Burger King: Going Public—Again
Burger King Holdings, the fast-food chain taken private in 2010 by New York investment firm 3G Capital, will go public again after merging with a company owned by financier William Ackman. 3G will get $1.4 billion in cash to transfer Burger King to Justice Holdings, a company co-founded by Ackman. Justice and its founders will hold 29 percent, giving Burger King a potential equity value of about $4.8 billion. 3G paid $3.3 billion for Burger King, whose sales have stalled, just 18 months ago.
Nike: The NFL’s Spring Line
While Nike dresses some college teams in designs that range from lizard skins to wings, its new uniforms for the National Football League hew closely to the 92-year-old league’s traditional look. Nike took over the NFL clothing license on April 1 from Adidas’s Reebok unit, which held it for more than a decade. The deal may add $500 million a year in sales, according to analyst Chris Svezia for Susquehanna Financial Group. Nike says the uniforms are lighter and have more stretch to improve a player’s mobility.
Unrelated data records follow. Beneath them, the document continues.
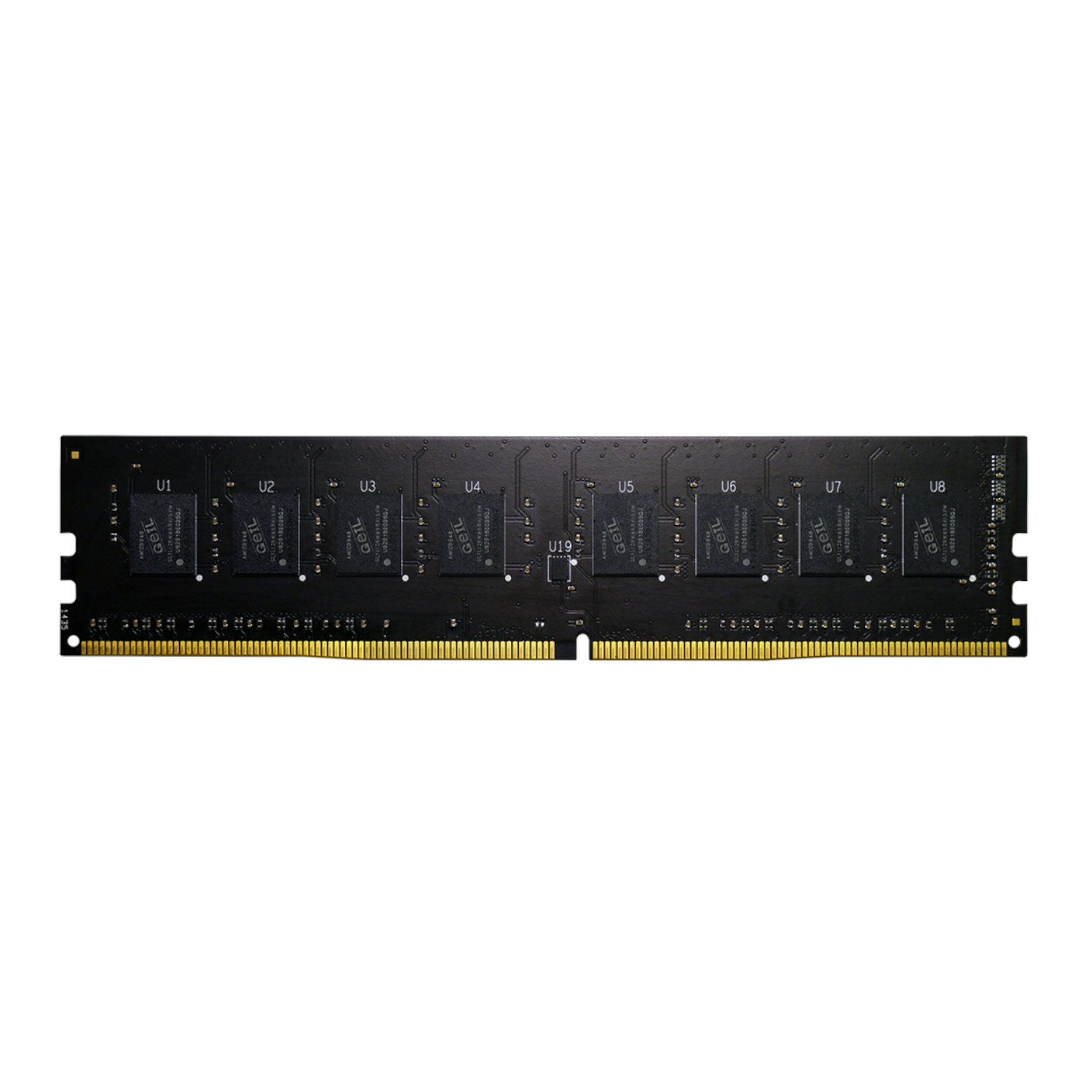 GP416GB3200C22SC_GeIL-Pristine-16GB-DDR4-3200MHz-UDIMM-Desktop-Memory_wr_01jpg - Computech-Solutions Desktop RAM module (black PCB) with gold edge connectors along the bottom, shown on a white background.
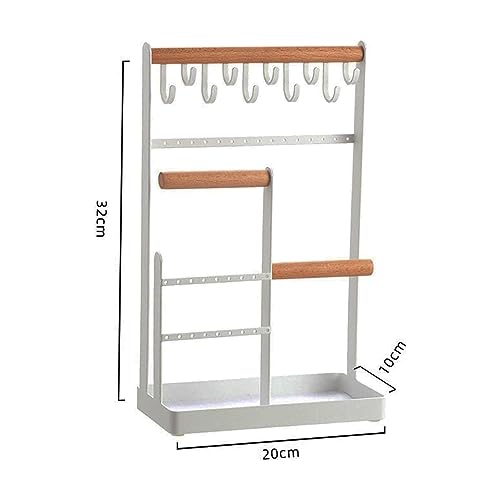 Jewelry Organizer Stand Necklace Holder with 10 Hooks | 4 Tier Jewelry Rack Necklace Holder ( White)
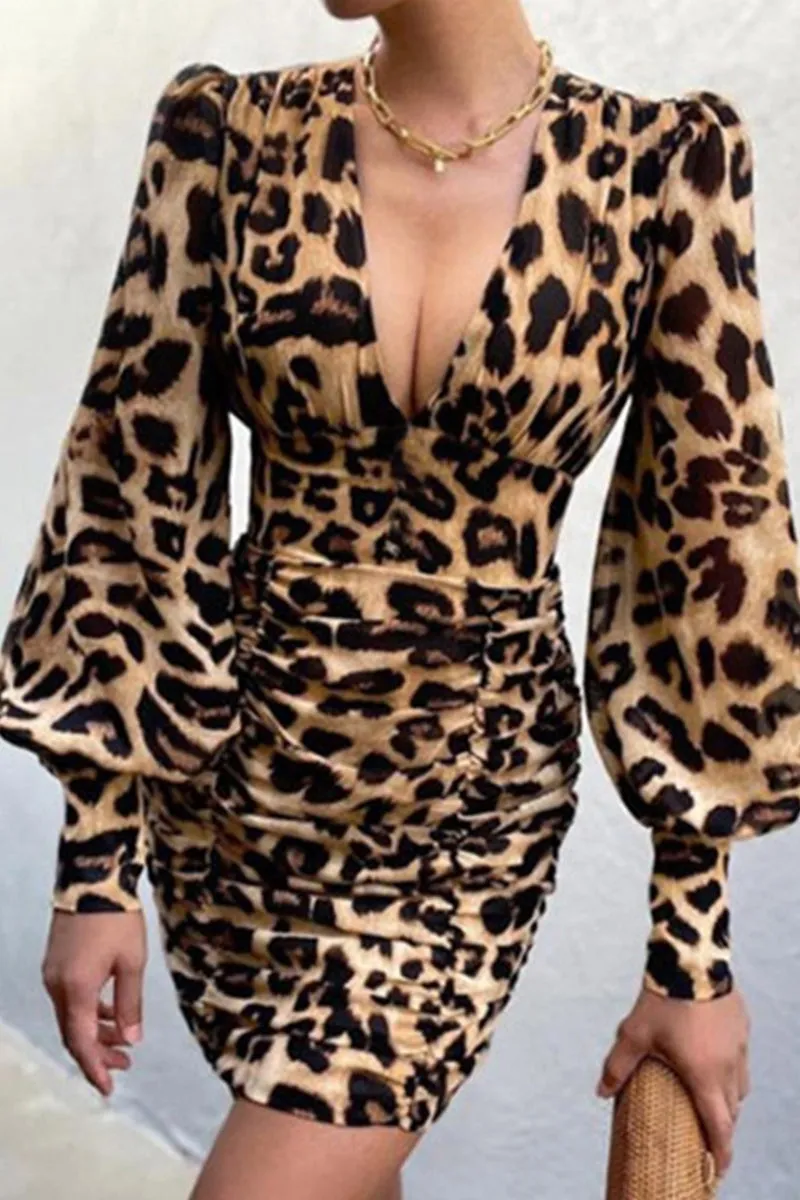 Fashion Sexy Mixed Printing Fold V Neck Wrapped Skirt Dresses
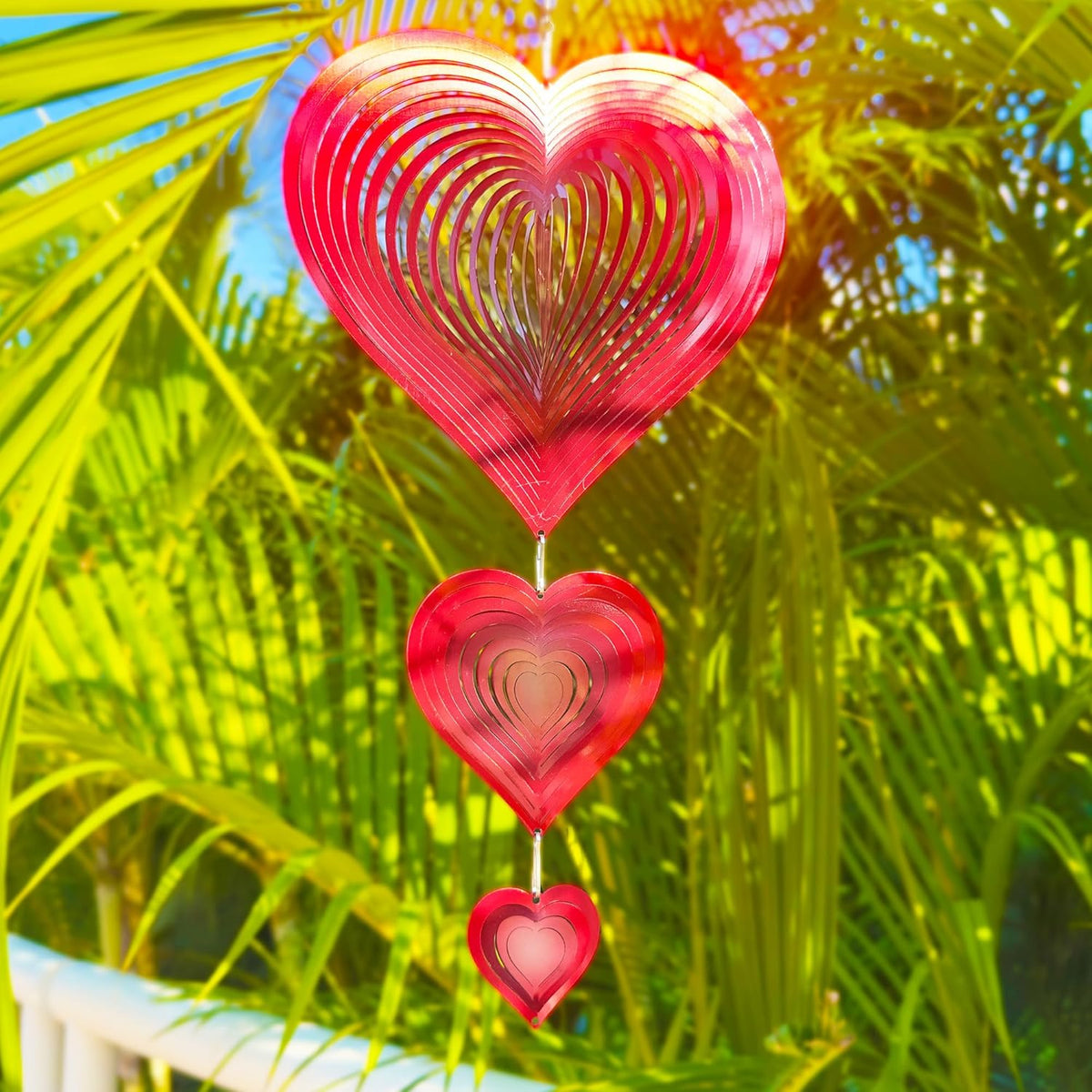 Wind Spinners Outdoor, 3D Red Hearts Hanging Wind Spinners, 14 inches, Kinetic, Stainless-Steel Metal, Smooth Spinning, Indoor and Outdoor Decoration for Garden, Patio, Yard, Gift for Women Mom Wife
CVR Energy: Shareholders Back Icahn
Billionaire investor Carl Icahn says he has majority shareholder support for his unsolicited $2.6 billion takeover bid for CVR Energy, setting up a proxy fight at the refiner’s annual meeting next month. The $30-a-share offer would give Icahn a 69 percent stake in the Texas company, allowing him to move forward on a plan to replace the board and eventually sell the company, which he says is undervalued. CVR has benefited from an oversupply of crude in the U.S. Midwest that has depressed prices for the oil it processes at its two refineries.
Ford Motor: A concierge for buyers
Ford Motor, which cut 35 percent of its big-city Lincoln dealers last year, is asking the survivors to put their sales staff through a training academy that emulates the concierge service at a luxury hotel. Ford hired Les Clefs d’Or, an international association of hotel concierges, to help create a “Lincoln Academy.” CEO Alan Mulally wants to attract a younger, wealthier clientele to its premium marques. Lincoln, whose buyers average 65 years old, has seen sales slide 63 percent since peaking in 1990.